Friday, August 8, 2008

Herculean Olympic-Like Development Effort

Big news story of course is the Olympics, and you can't help but be aware of it with all marketing machines pumping out the juice for that spectacle. One must wonder if today's incursion of Russian and Georgian forces into a clash was merely coincidentally timed with the Olympic Ceremonies, where many foreign leaders are attending?

I also wonder how many governments queue up bad news and sleazy deals to await a big news story and then dump them on the wire, knowing the media's attention will be elsewhere. There are only so many minutes in a newscast,and a lot of them will be on Beijing.

Meanwhile, around our little research group office space, things are quiet. I'm picking away at my software project, made some first progress on defining a UI and now starting to craft the application. Nothing beats pencil and paper for drafting a UI. Well, perhaps a whiteboard, when many people are collaborating. But so much can happen without needing to articulate it into words when you craft something on paper with pencil. Scribbles get captured as meaningful things quickly... well, as long as you write it up quickly.

A thought as I craft a new business idea is always about my implementation role. Seriously, I am not going to be the guy who writes all the code for this venture, but to capture my vision quickly I need to do it. You'd think the mere fact that I can do that would be a big value to me, as many people who lead organizations can't actually implement an idea.
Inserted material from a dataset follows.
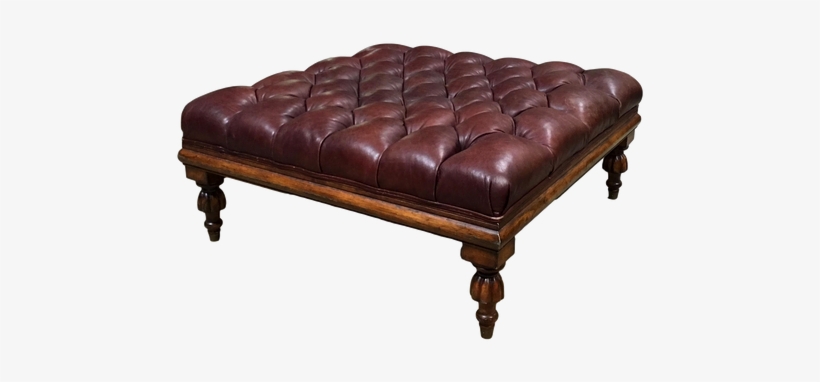 Square Brown Leather Tufted Ottoman With Solid Wood - Ottoman, transparent png #4246732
Sure I don't do it in my regular day job - and I wouldn't want to. But I don't know that my career of 20-some years has gone anywhere further because of it. Hard to know I suppose. I do know that I can have a much bigger impact directing 15 or 20 guys coding and building HW/SW stuff than I can just doing it all myself. The battle then becomes keeping people 'on vision' rather than roaming wildly based on personal interests. But you also have to balance that against valid better-path options that might arise from their expertise. Not easy to do, especially as every one of them will have an alternative path, whose failure may not come about until well after your going-in vision has been thoroughly trashed and diffused.
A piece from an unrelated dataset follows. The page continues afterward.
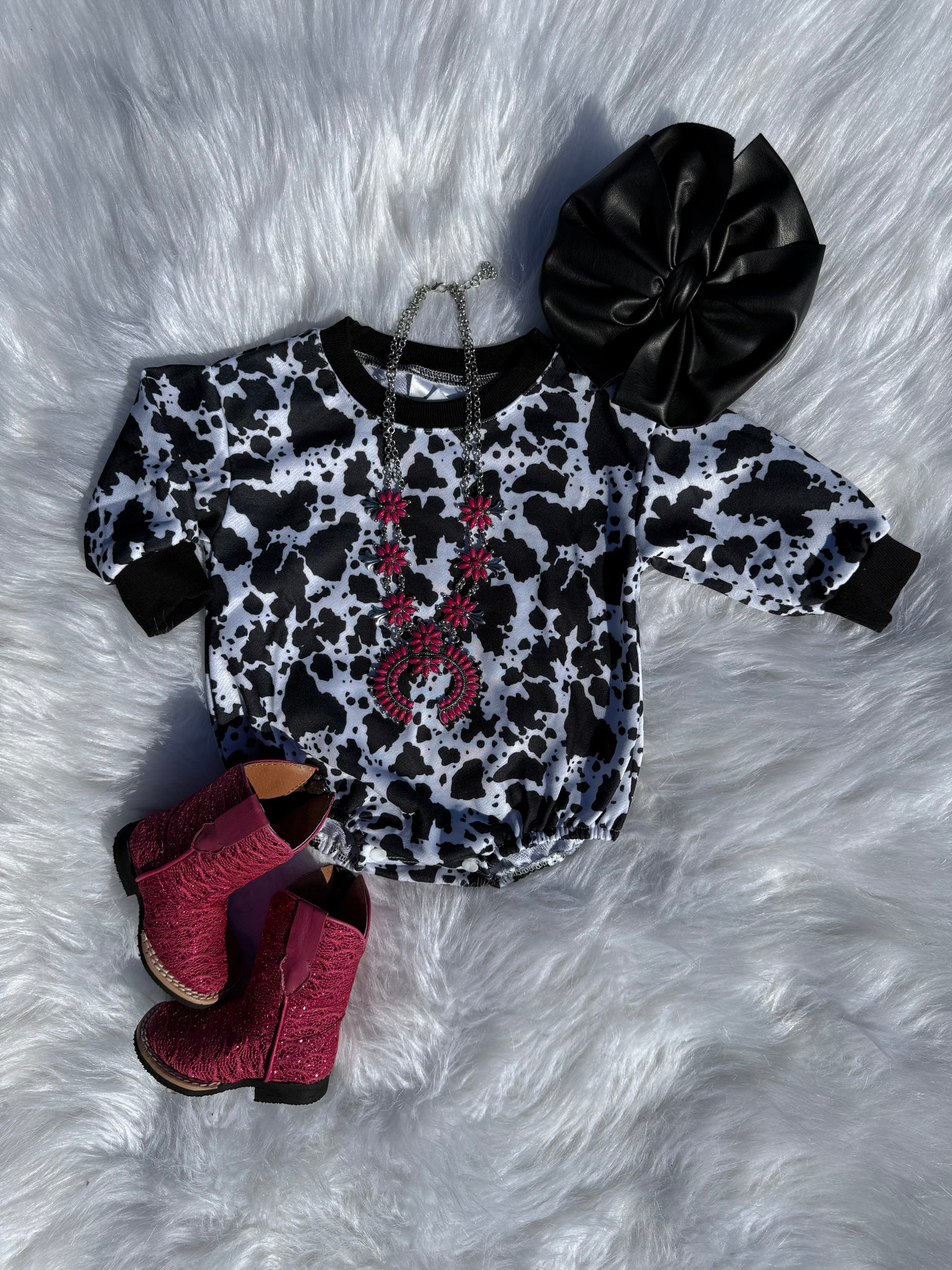 Baby Kids Long Sleeve Cow Print Western Rompers Preorder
The benefit of experience, though is that if you've pushed back on such influences before, to see that your vision was in fact correct, it gives you good strength to stick-to-it in future go-arounds.

But then, doing it yourself, you're down in the weeds and wearing both hats is tough. Writing lots of notes can serve to remind you of where the forest starts and what is just random trees.

Researchinator wants to squeeze in a few more minutes of coding before lunch.